Rhys Davies (9 November 1901 – 21 August 1978) (born Vivian Rees Davies) was a Welsh novelist and short story writer, who wrote in the English language.
One of the most prolific Welsh prose writers of the 20th century, Davies wrote approximately one hundred short stories, as well as twenty novels, three novellas, two books about Wales and an autobiography. Though he lived largely in London, Davies' work is often set in Wales, typically either in a fictionalised Rhondda or further west in his rural stories.
Davies was born on 9 November 1901 in Blaenclydach, a side-valley of the Rhondda. His father was a grocer and his mother a schoolteacher. His parents spoke Welsh, but did not pass it on to Rhys or his siblings. Rhys Davies's younger brother, Lewis Davies, was a Welsh librarian and philanthropist. As a child he attended Gosen Chapel, and later switched to St Thomas's Church, but ultimately declared himself an atheist in later life. He attended Porth County School, but left at fourteen and worked for his parents' shop. He briefly worked in Cardiff at a corn-merchant's warehouse before moving to London, where he began his literary career with the publication of a number of short stories. The publisher Charles Lahr published some of Davies' early work in The New Coterie, a small avant-garde magazine. In 1927 Davies published his first short story collection The Song of Songs and first novel The Withered Root. The Withered Root had a favourable critical reception, receiving good reviews and published in an American edition. He received an advance for his second novel that helped him remain a full-time writer.
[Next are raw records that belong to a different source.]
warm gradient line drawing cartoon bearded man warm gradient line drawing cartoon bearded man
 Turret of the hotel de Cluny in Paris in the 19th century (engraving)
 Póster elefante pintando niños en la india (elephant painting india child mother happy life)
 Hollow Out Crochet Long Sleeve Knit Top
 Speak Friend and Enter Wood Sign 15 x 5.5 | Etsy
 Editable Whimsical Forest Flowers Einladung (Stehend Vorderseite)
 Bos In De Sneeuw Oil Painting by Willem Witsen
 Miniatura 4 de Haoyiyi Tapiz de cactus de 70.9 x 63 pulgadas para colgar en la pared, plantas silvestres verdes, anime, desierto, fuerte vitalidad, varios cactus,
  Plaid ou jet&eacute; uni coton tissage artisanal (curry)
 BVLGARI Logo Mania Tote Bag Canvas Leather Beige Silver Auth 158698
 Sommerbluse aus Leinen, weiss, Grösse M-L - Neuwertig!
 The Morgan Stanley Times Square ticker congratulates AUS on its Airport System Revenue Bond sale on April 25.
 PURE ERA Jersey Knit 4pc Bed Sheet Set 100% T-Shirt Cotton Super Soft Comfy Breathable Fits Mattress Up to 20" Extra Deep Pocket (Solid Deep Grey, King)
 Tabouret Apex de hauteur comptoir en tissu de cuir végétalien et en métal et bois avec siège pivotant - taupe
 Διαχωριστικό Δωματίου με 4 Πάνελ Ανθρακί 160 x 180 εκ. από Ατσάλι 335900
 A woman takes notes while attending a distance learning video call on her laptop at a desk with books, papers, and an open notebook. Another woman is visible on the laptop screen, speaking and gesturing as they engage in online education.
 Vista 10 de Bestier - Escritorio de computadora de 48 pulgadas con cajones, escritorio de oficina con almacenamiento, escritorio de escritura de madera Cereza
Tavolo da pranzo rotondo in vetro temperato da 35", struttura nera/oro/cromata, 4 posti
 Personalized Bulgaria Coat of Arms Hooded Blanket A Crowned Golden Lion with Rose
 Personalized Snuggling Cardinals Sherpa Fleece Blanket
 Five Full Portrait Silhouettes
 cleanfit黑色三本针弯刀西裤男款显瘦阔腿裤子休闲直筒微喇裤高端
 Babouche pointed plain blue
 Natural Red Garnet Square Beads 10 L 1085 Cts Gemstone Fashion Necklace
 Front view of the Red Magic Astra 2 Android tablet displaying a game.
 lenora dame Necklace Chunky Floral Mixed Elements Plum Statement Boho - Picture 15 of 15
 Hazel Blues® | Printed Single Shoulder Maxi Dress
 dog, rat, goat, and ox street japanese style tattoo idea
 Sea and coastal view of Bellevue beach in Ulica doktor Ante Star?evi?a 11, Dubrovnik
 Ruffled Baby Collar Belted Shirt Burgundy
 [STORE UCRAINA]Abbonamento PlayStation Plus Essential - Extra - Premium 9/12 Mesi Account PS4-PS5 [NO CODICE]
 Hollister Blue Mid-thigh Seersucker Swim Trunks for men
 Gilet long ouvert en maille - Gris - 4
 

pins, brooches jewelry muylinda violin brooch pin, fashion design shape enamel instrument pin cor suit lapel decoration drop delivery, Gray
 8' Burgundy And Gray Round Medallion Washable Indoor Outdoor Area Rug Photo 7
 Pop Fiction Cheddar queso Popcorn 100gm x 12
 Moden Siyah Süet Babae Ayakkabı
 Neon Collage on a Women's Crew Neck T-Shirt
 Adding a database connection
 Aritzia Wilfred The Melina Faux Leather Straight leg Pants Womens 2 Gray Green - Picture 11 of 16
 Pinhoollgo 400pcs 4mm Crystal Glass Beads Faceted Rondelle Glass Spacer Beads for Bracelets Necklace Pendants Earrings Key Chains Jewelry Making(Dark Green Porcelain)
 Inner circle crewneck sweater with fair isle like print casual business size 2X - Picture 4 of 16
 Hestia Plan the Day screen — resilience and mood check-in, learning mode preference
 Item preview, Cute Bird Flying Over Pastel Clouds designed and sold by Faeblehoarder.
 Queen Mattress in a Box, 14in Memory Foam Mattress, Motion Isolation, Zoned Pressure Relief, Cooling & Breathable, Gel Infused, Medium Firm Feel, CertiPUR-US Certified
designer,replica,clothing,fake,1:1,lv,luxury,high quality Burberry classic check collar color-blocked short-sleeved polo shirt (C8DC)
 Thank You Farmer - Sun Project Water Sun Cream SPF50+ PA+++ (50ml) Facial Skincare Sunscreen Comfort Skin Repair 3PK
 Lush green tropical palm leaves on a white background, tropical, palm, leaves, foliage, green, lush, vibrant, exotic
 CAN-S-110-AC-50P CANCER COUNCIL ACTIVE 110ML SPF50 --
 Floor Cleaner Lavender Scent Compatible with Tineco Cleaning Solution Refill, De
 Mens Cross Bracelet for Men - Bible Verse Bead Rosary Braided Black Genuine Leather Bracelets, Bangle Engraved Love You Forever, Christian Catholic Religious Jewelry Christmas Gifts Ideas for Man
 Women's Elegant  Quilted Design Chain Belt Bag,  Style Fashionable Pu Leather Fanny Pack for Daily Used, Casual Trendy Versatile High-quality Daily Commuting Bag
It was at this time (1928–29) that Davies was invited to stay with D. H. Lawrence and Frieda Lawrence in France. Their meeting has been dramatised in Sex and Power at the Beau Rivage (2003), a play by contemporary Welsh author Richard Lewis Davies. Rhys Davies smuggled a manuscript copy of Lawrence's Pansies into Britain and arranged for it to be published by Charles Lahr. Though Lawrence's death in March 1930 made their friendship a brief one, Lawrence appears to have been an important influence on Davies' work. Davies was homosexual, though he never wrote publicly about his own sexuality.